Le lun 23/02/2004 à 16:07, Ross Wetmore a écrit :
> Jason Short wrote:
> > <URL: http://rt.freeciv.org/Ticket/Display.html?id=7287 >
> > 
> > Marcelo Burda wrote:
> > 
> >>>Consider also that the extended topologies come in several forms.  For 
> >>>instance an offset-wrap as I describe it above will probably not take 
> >>>much work to implement, but gives only a small advantage over the 
> >>>current torus wrapping.  A quincuncial wrapping will take a fair amount 
> >>>of work to implement.  It is of high theoretical interest (how many 
> >>>hours have we spent discussing approximations of a sphere?) but its 
> >>>playability hasn't been determined.  People need to _play_ this thing 
> >>>before we can assess it.
> >>
> >>the last quincuntial is realy playable topo. i need correct some
> >>reversed-canvas isues and a litle extention of overview. it is not so
> >>easy as a torus or a mobius(twisted torus) but kep moderatly easy after
> >>some games. And it is the best aproximation of a sphere! 
> > 
> > 
> > I played your Earth scenario with it.  I never saw the singularities. 
> > But the map was so large (with so much ocean) it was basically like an 
> > unwrapped map.  Damn the Pacific is big!
> > 
> > jason
> 
Nice, you see the doc! ;-)
there are a ticket for quincuntial(6721)!
there are a some graphics(in color) in this tickets too:
http://rt.freeciv.org/Ticket/Attachment/39952/27550/world_rec_A.xpm
and
http://rt.freeciv.org/Ticket/Attachment/39952/27551/WorldPierce100_x4.xpm
> Here is an attempt to present a comprehensive view of the qunincuntial
> map rather than trying to figure out from small GUI windows just what
> all the relationships are. One can pan a virtual GUI window over the
> projection to see what things are really like.

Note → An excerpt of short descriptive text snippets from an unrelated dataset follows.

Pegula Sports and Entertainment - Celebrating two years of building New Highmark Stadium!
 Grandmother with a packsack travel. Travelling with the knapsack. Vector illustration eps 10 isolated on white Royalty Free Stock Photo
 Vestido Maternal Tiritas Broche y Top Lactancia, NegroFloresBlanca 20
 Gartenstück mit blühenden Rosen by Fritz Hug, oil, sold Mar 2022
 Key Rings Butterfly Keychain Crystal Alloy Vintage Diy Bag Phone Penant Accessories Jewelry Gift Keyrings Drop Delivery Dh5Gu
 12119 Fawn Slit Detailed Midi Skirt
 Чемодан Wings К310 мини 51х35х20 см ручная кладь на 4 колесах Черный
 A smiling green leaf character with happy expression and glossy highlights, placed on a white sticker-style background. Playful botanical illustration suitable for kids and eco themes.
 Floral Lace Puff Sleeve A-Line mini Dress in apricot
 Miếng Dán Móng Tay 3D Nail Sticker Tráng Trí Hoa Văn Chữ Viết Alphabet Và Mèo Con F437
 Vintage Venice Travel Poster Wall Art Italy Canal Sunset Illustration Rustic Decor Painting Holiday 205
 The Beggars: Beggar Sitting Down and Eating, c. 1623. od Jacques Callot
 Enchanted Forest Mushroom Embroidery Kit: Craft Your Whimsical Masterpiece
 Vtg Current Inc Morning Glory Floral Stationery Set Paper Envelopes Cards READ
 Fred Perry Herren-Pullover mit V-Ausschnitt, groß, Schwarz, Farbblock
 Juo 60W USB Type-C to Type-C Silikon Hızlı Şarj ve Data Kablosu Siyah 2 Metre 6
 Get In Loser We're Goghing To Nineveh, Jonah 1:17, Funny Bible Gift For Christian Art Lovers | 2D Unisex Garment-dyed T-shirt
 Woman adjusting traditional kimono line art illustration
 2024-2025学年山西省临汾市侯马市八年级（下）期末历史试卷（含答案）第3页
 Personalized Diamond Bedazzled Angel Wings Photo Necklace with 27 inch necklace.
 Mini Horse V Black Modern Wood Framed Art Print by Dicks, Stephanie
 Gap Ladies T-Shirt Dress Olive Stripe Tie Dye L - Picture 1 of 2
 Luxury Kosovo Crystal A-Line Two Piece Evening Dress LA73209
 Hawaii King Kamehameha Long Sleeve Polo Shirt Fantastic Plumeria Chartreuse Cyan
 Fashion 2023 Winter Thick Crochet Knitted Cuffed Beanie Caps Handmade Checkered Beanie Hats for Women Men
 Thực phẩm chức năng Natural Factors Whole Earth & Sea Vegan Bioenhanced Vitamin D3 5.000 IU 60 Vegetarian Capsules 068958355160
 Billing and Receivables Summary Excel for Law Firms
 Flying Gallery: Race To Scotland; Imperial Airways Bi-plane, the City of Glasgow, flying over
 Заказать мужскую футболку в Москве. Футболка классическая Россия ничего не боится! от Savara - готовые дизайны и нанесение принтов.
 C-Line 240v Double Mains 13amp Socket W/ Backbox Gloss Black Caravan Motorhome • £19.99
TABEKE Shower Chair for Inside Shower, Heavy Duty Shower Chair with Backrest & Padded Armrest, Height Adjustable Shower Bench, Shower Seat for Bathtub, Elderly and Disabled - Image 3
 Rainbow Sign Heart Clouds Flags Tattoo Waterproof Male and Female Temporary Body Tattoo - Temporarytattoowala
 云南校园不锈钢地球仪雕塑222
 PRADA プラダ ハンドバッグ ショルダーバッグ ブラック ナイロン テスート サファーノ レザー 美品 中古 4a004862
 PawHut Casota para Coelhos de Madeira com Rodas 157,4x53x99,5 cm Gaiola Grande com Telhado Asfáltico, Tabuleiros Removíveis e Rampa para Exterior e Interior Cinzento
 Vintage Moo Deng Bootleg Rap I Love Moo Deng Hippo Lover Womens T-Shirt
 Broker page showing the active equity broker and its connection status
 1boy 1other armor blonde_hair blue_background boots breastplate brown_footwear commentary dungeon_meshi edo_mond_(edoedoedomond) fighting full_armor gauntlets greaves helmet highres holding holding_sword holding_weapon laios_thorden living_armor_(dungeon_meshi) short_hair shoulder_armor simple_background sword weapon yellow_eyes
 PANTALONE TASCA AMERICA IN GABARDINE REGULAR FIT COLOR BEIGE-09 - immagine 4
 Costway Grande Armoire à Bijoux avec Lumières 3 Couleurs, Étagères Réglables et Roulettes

There is a little bit
> of analysis below that shows Marcelo has some work cut out to make a
> case, or needs to come up with some fixes to resolve the problems.
> 
> 
> The attachment is a four-fold quincuncial map that can be simply tiled
> in both cartesian axes since all complex wrappings are now folded in.
> 
> One advantage of laying out such a map is that it includes all the
> complex edge joins leaving one with a simple 2-D map over which a
> GUI window can float to give the picture seen by a player of the
> game. Because all tiling is simple, it corresponds to the smallest
> torus world which can be constructed as an alternate implementation.
> Note simple tiling is what torus-worlds are effectively designed for.
> 
> 
> The normal set for a quincunx consists of one of the four corner sets
> or a square with corners at each north pole. Note that because of the
> cutting and stretching of the southern hemisphere in the normal set,
> and reversed join between any two normal sets, normal sets are distinct
> and not representable as a square with arbitrary origin as is the
> simple case when the normal set completely overlaps the torus world
> and normalization involves only simple wrapping.
In the first xpm. you see a alternate 'normal set'
> 
> There are two classes of normal sets, one with each pole at the
> centre and the other pole quartered in the corners. Each class
> consists of non-overlapping super-tiles related by translation and
> possibly rotation. The relationship between two sets in different
> classes involves an extra translation component based on quartile
> number.
> 
> Picking the normal set which completely or best contains the locations
> in a given GUI window, and translating between map coordinates and this
> set *is* a significantly complex process especially with smaller windows
> where there may be more than one, i.e. one from each class.
> 
> 
> An observation that is immediately obvious is that, while distances
> may be stretched, movement between any two points within a normal set
> centered on either pole is relatively sane and intuitive. On the
> otherhand, when crossing from one normal set to any other within the
> same class things become a little weird.
> 
> For example, one can leave the north pole heading across Asia and the
> Indian Ocean ... and end up at India and eventually the North pole.
> As interestingly, one can leave New Guinea heading NNW ... and in a
> few tiles arrive at New Guinea. Crossing the Pacific Ocean from North
> America takes you to South America.
Yes in this zones the map is a conical one.
> 
> Because most of the oddities in the quincuntial folding are confined
> to the southern seas, and in fact there is a 20 degree rotation from
> Grenwich meridan added to avoid clippiing S. America and making the
> distortions obvious, one only sees the real effect when one looks at
> land-land relationships across such oceans. Thus while it makes a very
> compelling map projection in a single normal set, tiling quincunxes
> introduces *very* odd results.
odd, but not bad.
I make test with a litle hacked servers and the scenario befor begining
working in cvs and players like it, (players from the net, with
standards clients!!!)

> 
> More importantly, if one were to drop a GUI window sized to hold both
> endpoints, then you would see yourself leaving both source and
> destination, running through your mirror image and arriving. Besides
> the fact that this violates the rule that one can not show elements of
> the normal set multiple times, the effect is clearly more than a minor
> distortion of distance - it plays havoc with intuitive adjacency
> relationships, and will have a tremendous negative impact on game play
> map distance calculations and other core functions.
coding problems are solved exept ia like too mach make cities there. but
generator is hacked to make ocean or poles in singularities. this
problems are resolved. my coding resolve the problems of view too.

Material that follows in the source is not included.